* Aim of the task
Retype the listing exactly, with no images.

* Input data

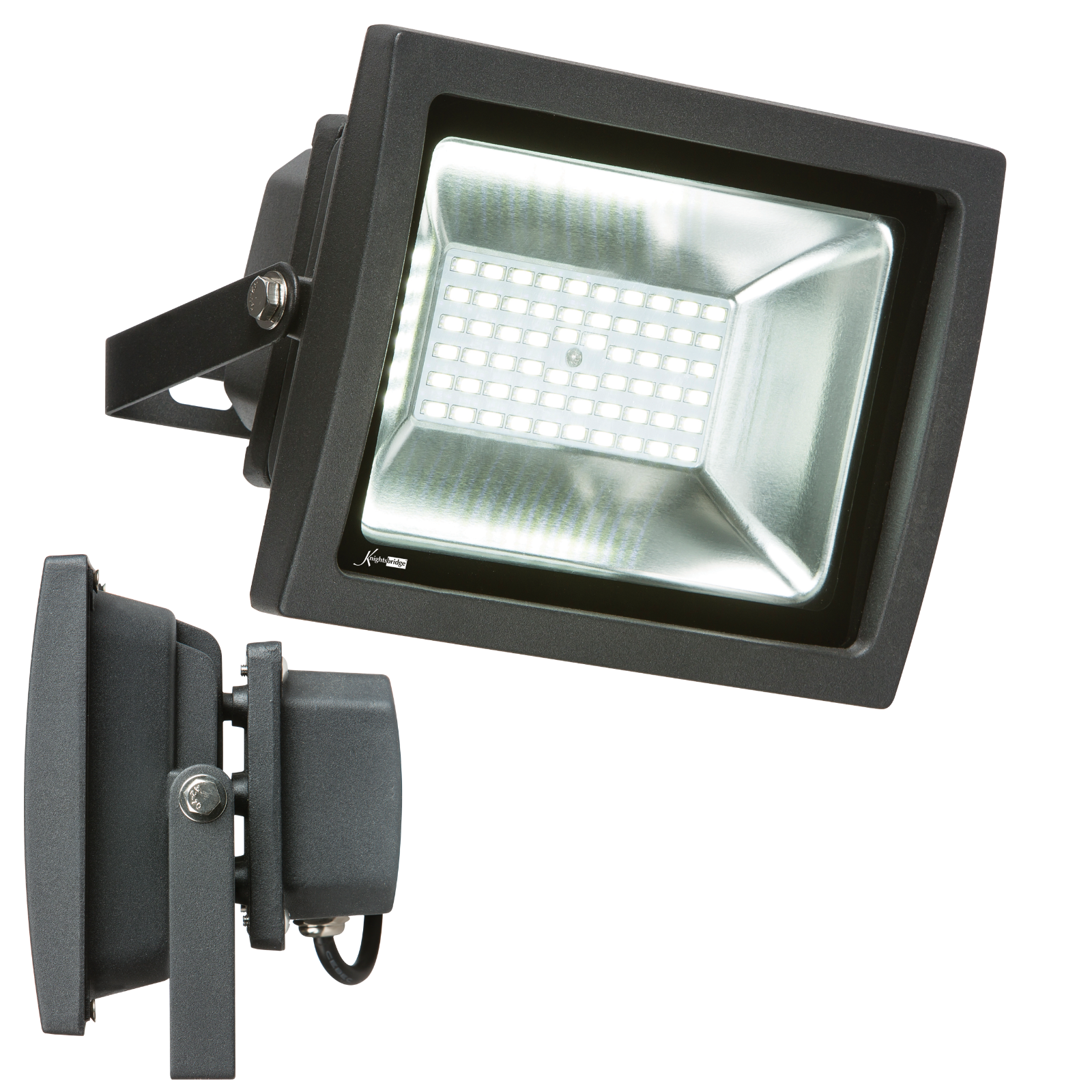 230V IP65 30W LED Black Die-Cast Aluminium Floodlight 6000K - FLS30BK 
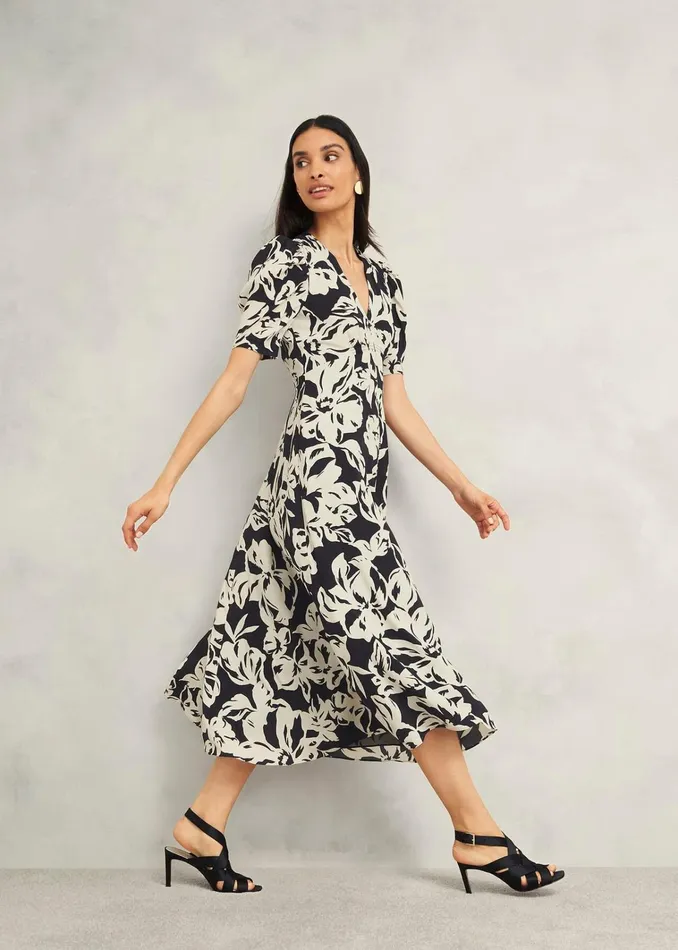 Women Chiltern Dress Black Cream Hobbs Dresses and Jumpsuits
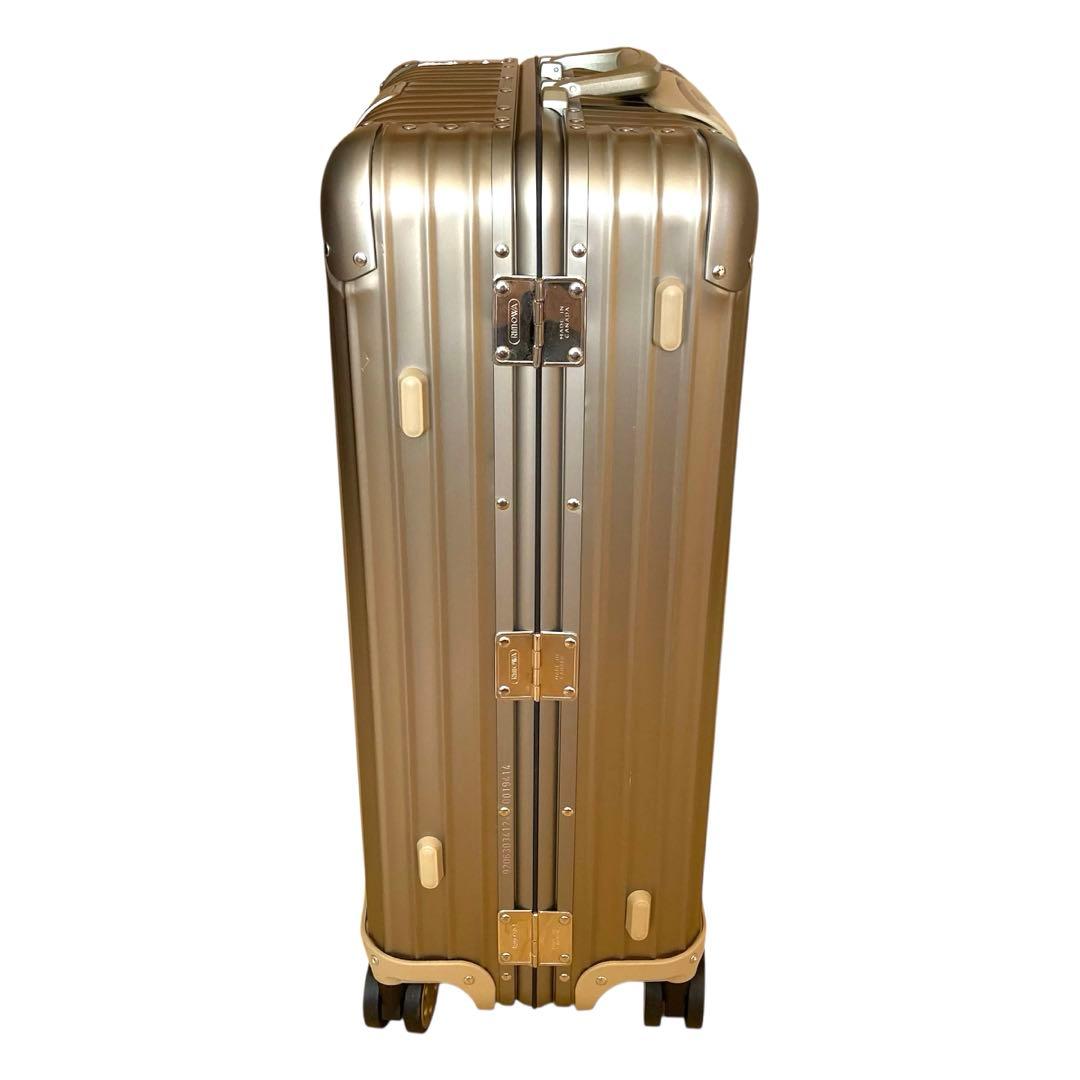 【1回使用 極美品】RIMOWAリモワ トパーズ チタニウム キャリーケース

* Solution for this problem
 230V IP65 30W LED Black Die-Cast Aluminium Floodlight 6000K - FLS30BK 
 Women Chiltern Dress Black Cream Hobbs Dresses and Jumpsuits
 【1回使用 極美品】RIMOWAリモワ トパーズ チタニウム キャリーケース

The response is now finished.